These pages should be merged such that both pages do not attempt to cover the duplicate topics.

The standard RepRap polymer extruder works very reliably, is simple, and can be made almost all out of RP parts. But it needs a supply of 3mm diameter polymer filament. This is not hard to obtain (many companies can make it from polymer granules), but it does represent an extra cost and an extra process.

Timothy Nixon and Adrian Tan of the School of Mechanical Engineering, University of Adelaide, in Australia have designed an extruder for [email protected] that uses polymer granules directly, and such granules are the standard and cheapest way that all thermoplastic polymers are supplied. I was so impressed that I decided to pinch some of their ideas (that's what open-source is all about :-) ) and add it to something Forrest and I tried almost two years ago (see the RepRap blog for Friday, February 17, 2006 and the subsequent fortnight).

We hope that an extruder that can handle a "virgin" nurdle (a plastic pellet) can also handle recycled plastic shreds or dust from a plastic recycler.

For further information, see this paper by TU Delft Uni on their working screw-driven granule extruder.

Design and construction


The device consists of a 30 mm length of ordinary 15 mm diameter copper plumbing pipe with a screw auger running down the middle. The screw is made from a 6 mm diameter brass rod. I twisted five 1.2mm diameter copper mains wires together to make a fatter copper wire, twisted that round the brass to form a helix, and soldered it all together. This was much easier than turning the helix in a lathe, and also allowed a variable pitch (closer windings at the bottom) to be made easily. Another way to make auger screw


I deliberately made the screw slightly oversized (the i.d. of the copper pipe was 13.5 mm and I made the screw about 14.5, though it wasn't very smooth). Then I turned it between centres just to skim the outside of the helix down to about 13 mm.

At the bottom (I was pleased with this idea...) the screw has a blind hole with side holes that run out between the helical coils.

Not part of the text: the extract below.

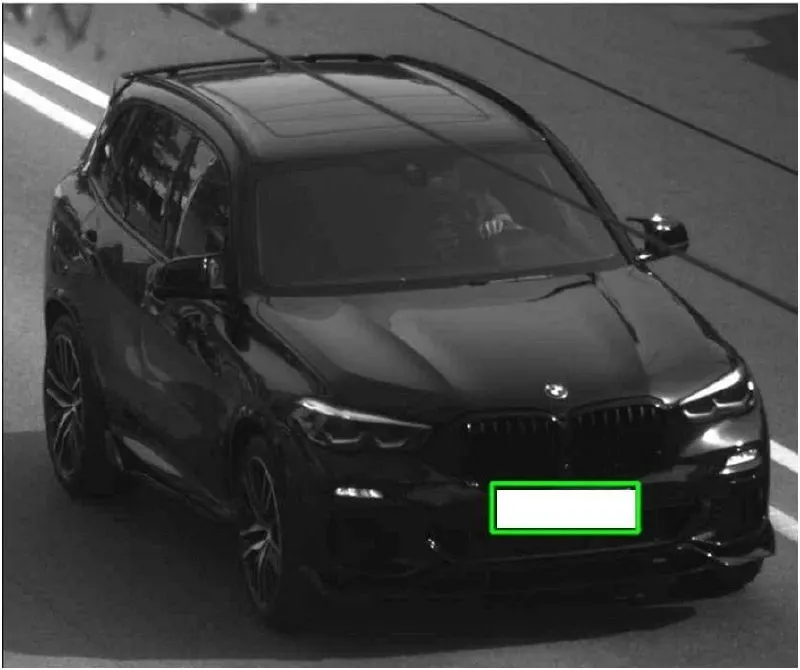 Теперь автомобили с иностранной регистрацией попадают под контроль: водителей привязывают к автомобилю, и штрафы приходят на владельца. В регионе активизировали работу ГИБДД.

This allows the polymer to flow out down the centre of the screw, down a short length of M6 brass studding with a centre hole, and into a standard RepRap nozzle made from a brass M6 acorn (or dome) nut.


I set the copper tube in a rectangle of JB Weld high-temperature epoxy. To do this I made an RP rectangle 30 mm by 40 mm with a 15 mm hole in the middle and two 3mm holes at the ends. Then I taped a strip of overhead-projector acetate sheet round it to make a mould, and put two 3mm diameter silver-steel rods through to form holes. I greased the inside of the mould with silicone grease, put the copper tube in (being careful not to get grease on it), mixed up 12 g of JB, and pasted it in.

Assembly and testing


I wound two 8-ohm lengths of nichrome heater wire round the barrel and JBed them on, together with a thermistor.

I had a design for a worm-drive driven by the standard geared motor that we use, so I fitted that to the top. I taped on some more acetate sheet to form a hopper for the granules.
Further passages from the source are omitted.